→ **Exercise brief**
Copy every record below exactly as written, but leave out the pictures.

→ **Material for the task**
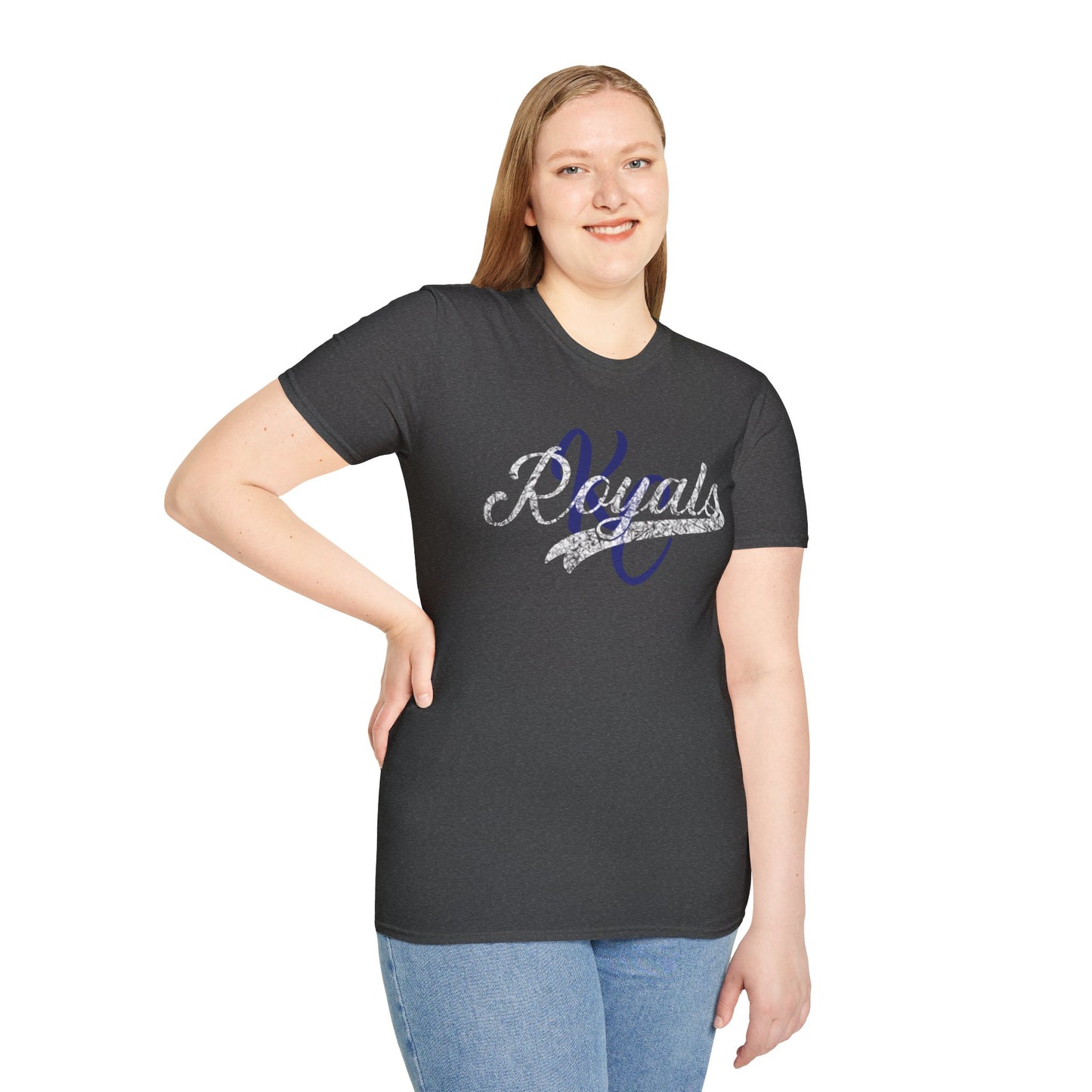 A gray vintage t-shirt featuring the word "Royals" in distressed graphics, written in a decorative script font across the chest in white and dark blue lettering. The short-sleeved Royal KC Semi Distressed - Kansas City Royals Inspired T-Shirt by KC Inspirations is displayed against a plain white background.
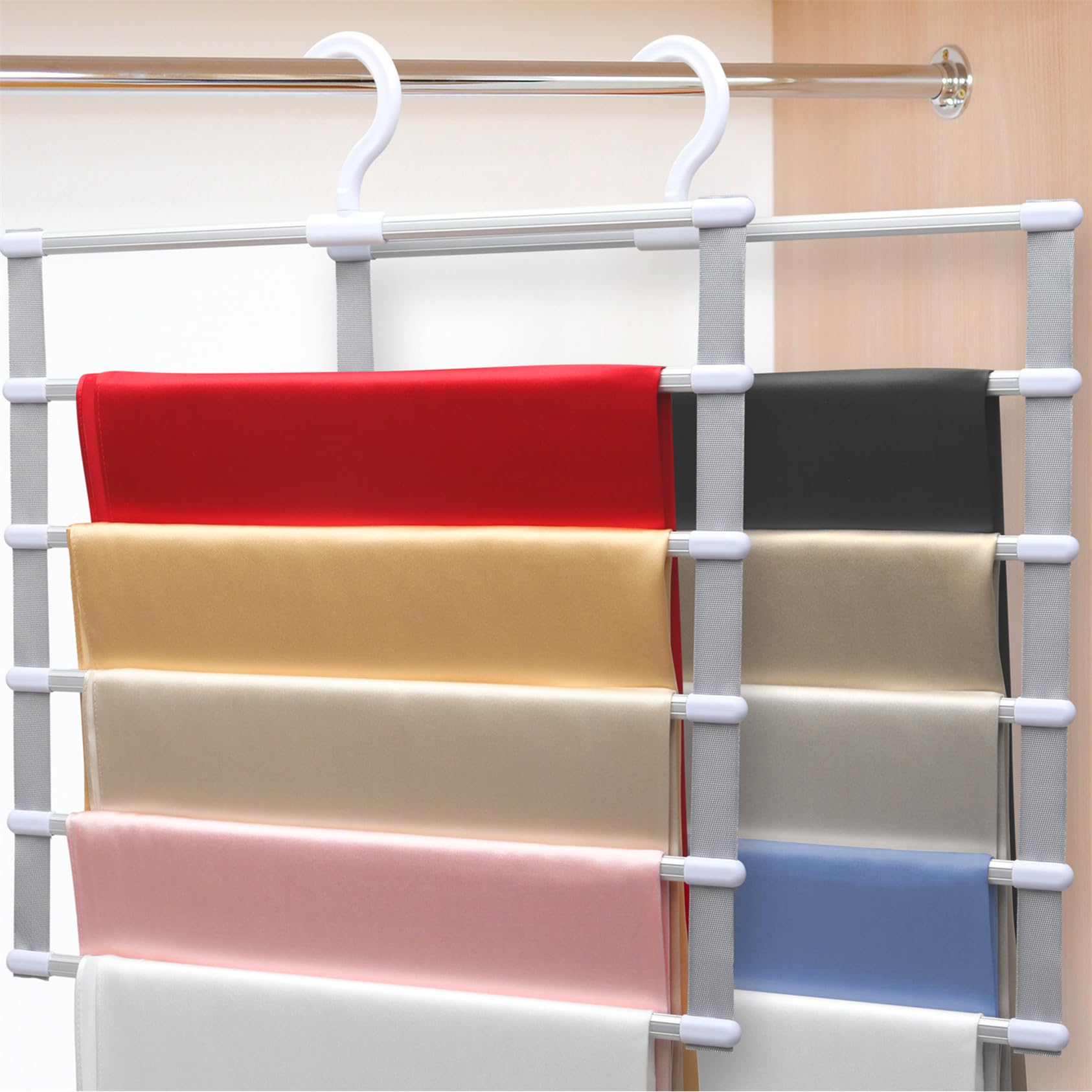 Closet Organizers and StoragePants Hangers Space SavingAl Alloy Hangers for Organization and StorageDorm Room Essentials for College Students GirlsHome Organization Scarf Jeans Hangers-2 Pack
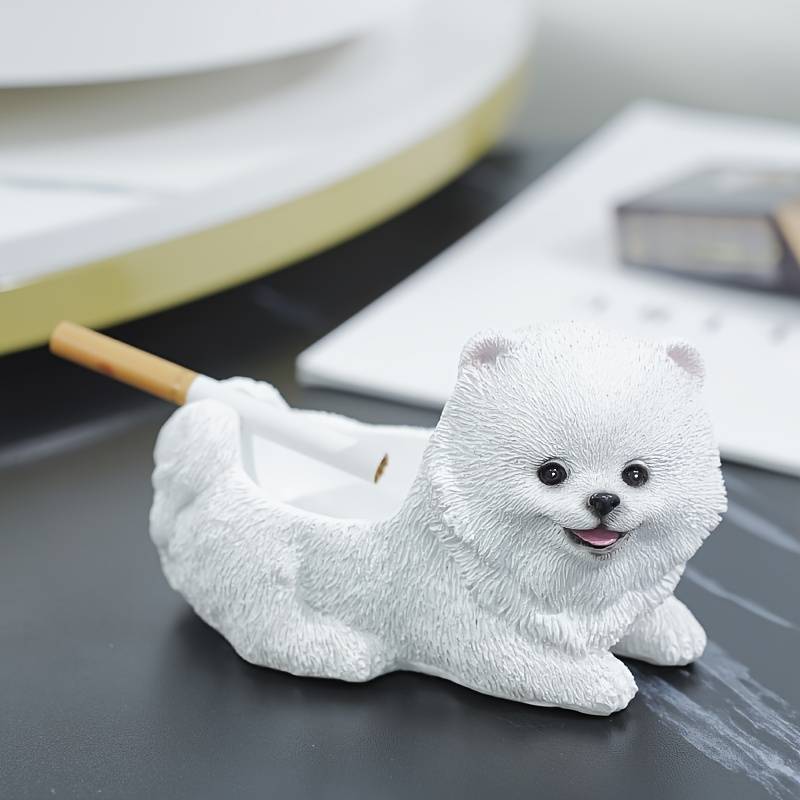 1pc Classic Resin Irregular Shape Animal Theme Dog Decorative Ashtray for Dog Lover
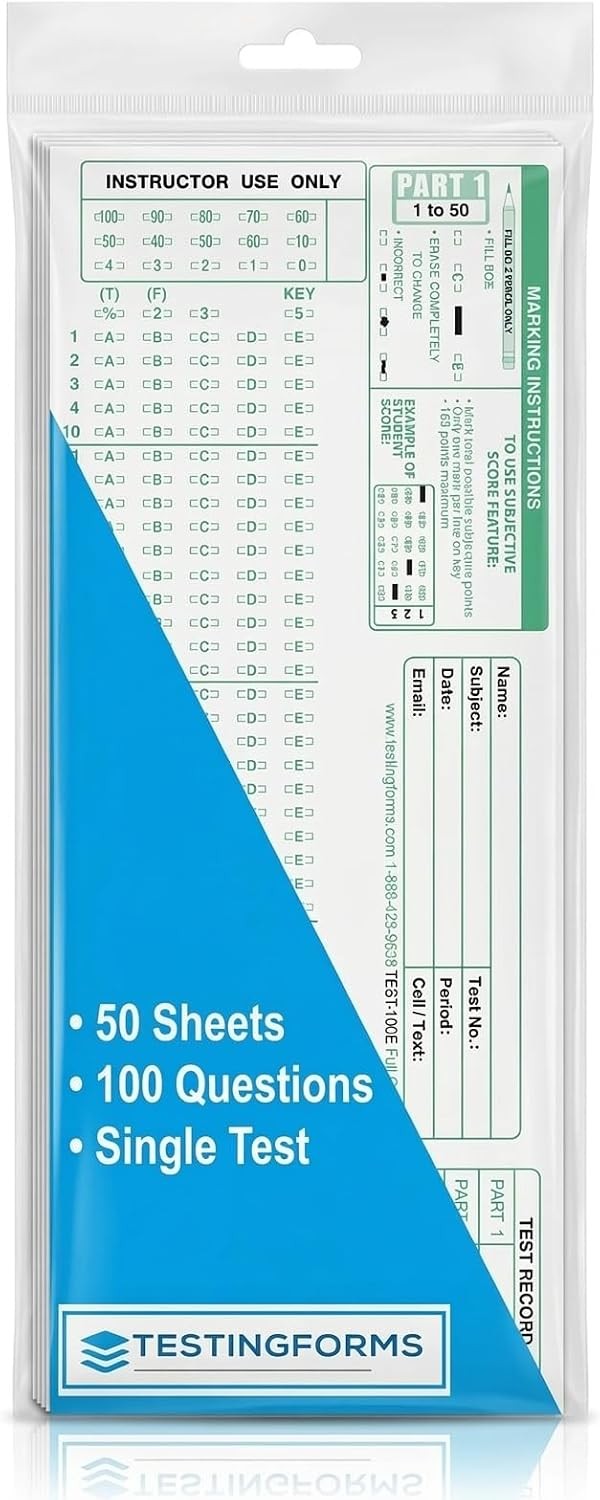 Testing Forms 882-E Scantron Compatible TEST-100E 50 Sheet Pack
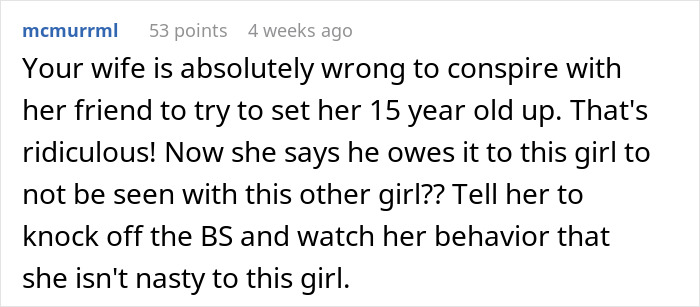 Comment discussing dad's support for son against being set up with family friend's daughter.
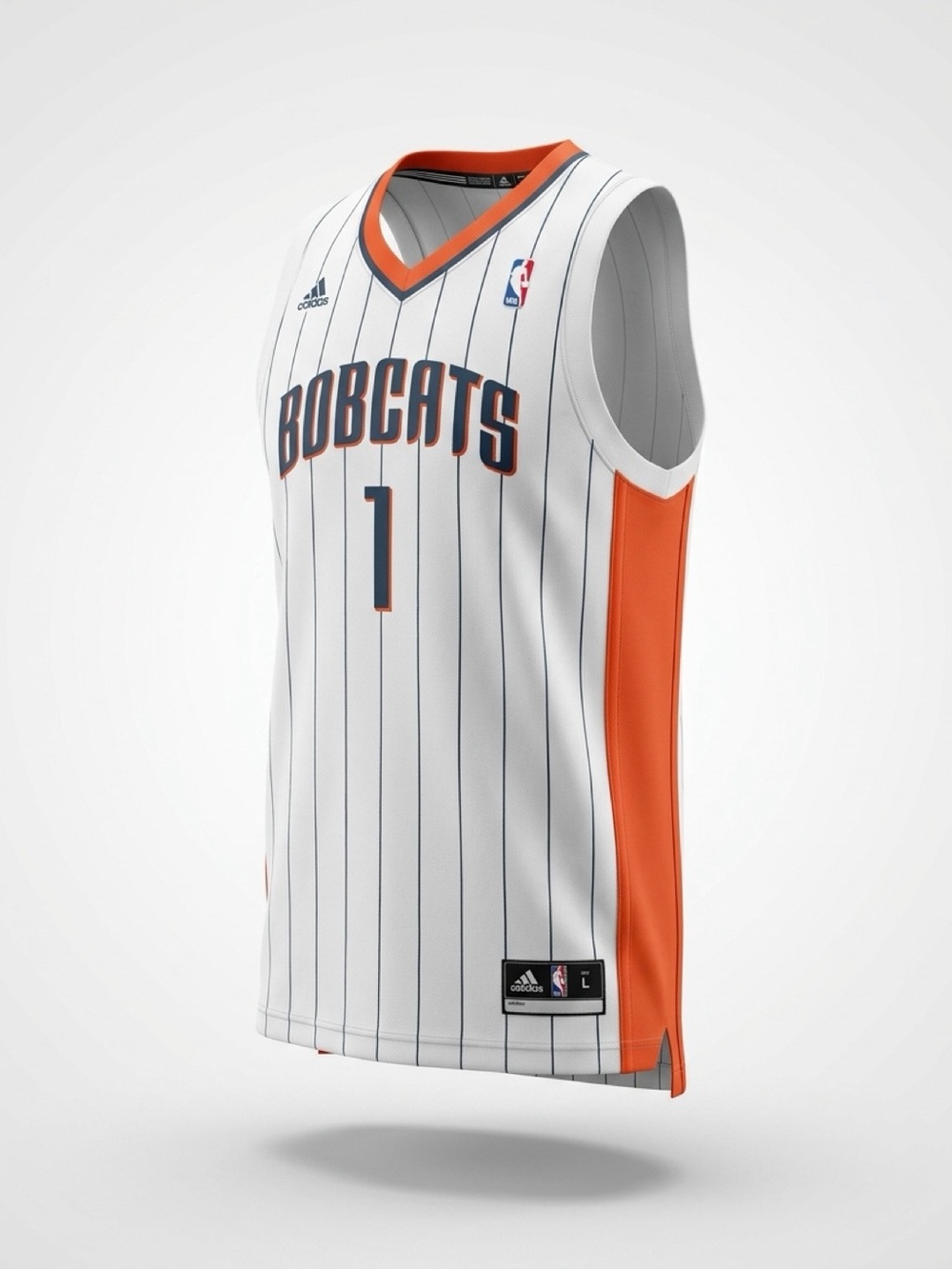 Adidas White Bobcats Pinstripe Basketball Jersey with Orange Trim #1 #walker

→ **Reply to the exercise**
 A gray vintage t-shirt featuring the word "Royals" in distressed graphics, written in a decorative script font across the chest in white and dark blue lettering. The short-sleeved Royal KC Semi Distressed - Kansas City Royals Inspired T-Shirt by KC Inspirations is displayed against a plain white background.
 Closet Organizers and StoragePants Hangers Space SavingAl Alloy Hangers for Organization and StorageDorm Room Essentials for College Students GirlsHome Organization Scarf Jeans Hangers-2 Pack
 1pc Classic Resin Irregular Shape Animal Theme Dog Decorative Ashtray for Dog Lover
 Testing Forms 882-E Scantron Compatible TEST-100E 50 Sheet Pack
 Comment discussing dad's support for son against being set up with family friend's daughter.
 Adidas White Bobcats Pinstripe Basketball Jersey with Orange Trim #1 #walker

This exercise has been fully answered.